Irish stand-up comedian and writer

Gráinne Maguire is an Irish stand-up comedian, writer and podcaster.

==Early career==
Maguire was a finalist in the 2007 Laughing Horse new act competition and a finalist in the 2008 Funny Women competition.

==Career==
At the Edinburgh Festival Fringe in 2016 Maguire had a show entitled Great people making great choices.
On the 2017 Edinburgh Fringe Maguire had her one woman show Gráinne with a Fada, as well as a panel show on at the Cabaret Voltaire entitled What Has The News Ever Done For Me? Maguire returned to the Edinburgh Fringe in 2018 performing at the Gilded Balloon with her show I forgive you, please like me.

Gráinne Maguire has appeared on BBC Radio 4 satirical comedy The Now Show, More Money Than Sense and Breaking The News as well as Stewart Lee’s The Alternative Comedy Experience.

Maguire has been a writer for comedy shows The News Quiz, Newsjack and Dead Ringers on BBC Radio 4 as well as television shows The Last Leg and 8 out of 10 Cats for Channel 4. Maguire has also written columns for The Guardian.

Maguire has been a panellist on the BBC 1 flagship debate show Question Time. Maguire has been a guest on BBC 2 programme Daily Politics, and BBC current affairs investigative programme Panorama. In 2018, with Marie Le Conte, Maguire produced 20 episodes of a podcast called Changing Politics. The podcast was funded by the think-tank Labour Together, and some of its content was scripted by its director Morgan McSweeney.

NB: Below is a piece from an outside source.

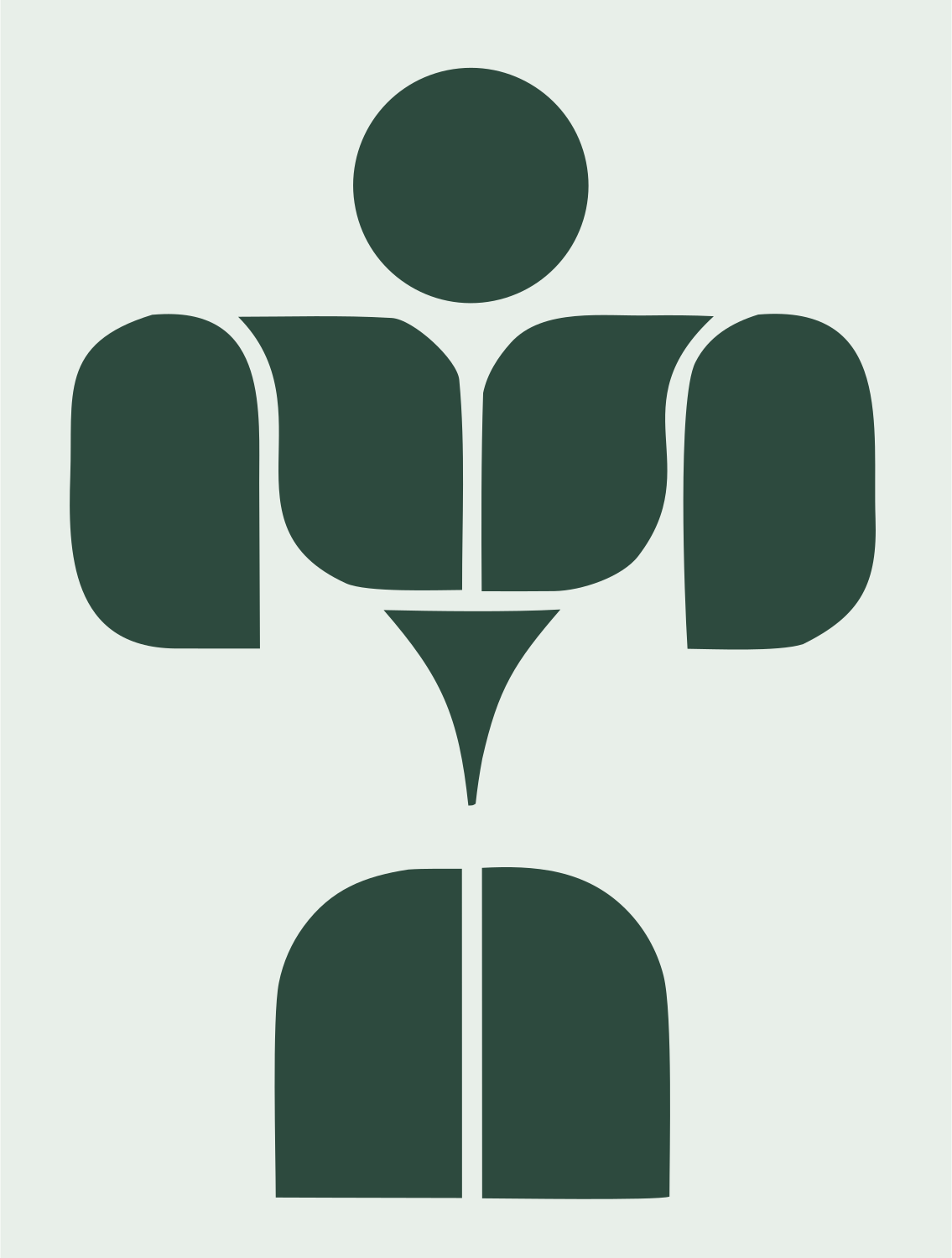 Muscular Figure Silhouette Logo #e8efe9/#2d4a3e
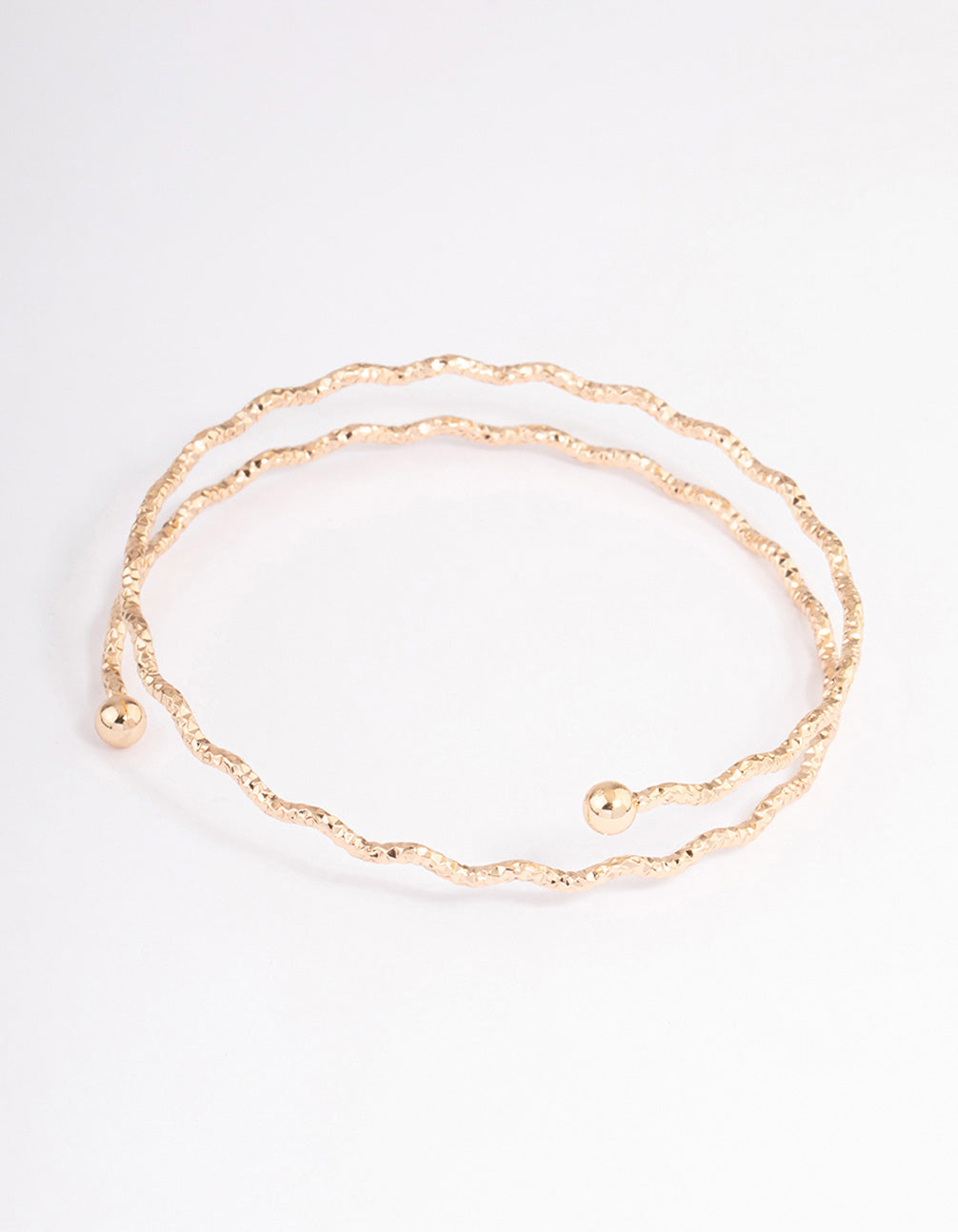 Gold Textured Double Row Wave Cuff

In March 2026, Maguire was confirmed to be part of the writing team for the first series of Saturday Night Live UK.

==Personal life==
Maguire was born in Ireland but now lives in London. A former Labour supporter, she opened at the Labour Party Conference for then leader Ed Miliband. In 2016 Maguire used Twitter to live-tweet her menstrual cycle to Taoiseach Enda Kenny in protest at Ireland’s abortion laws, the coverage of which appeared major international newspapers, and Maguire was interviewed on BBC Worldwide, and BBC World Service. Maguire has spoken of her respect for Michelle Obama.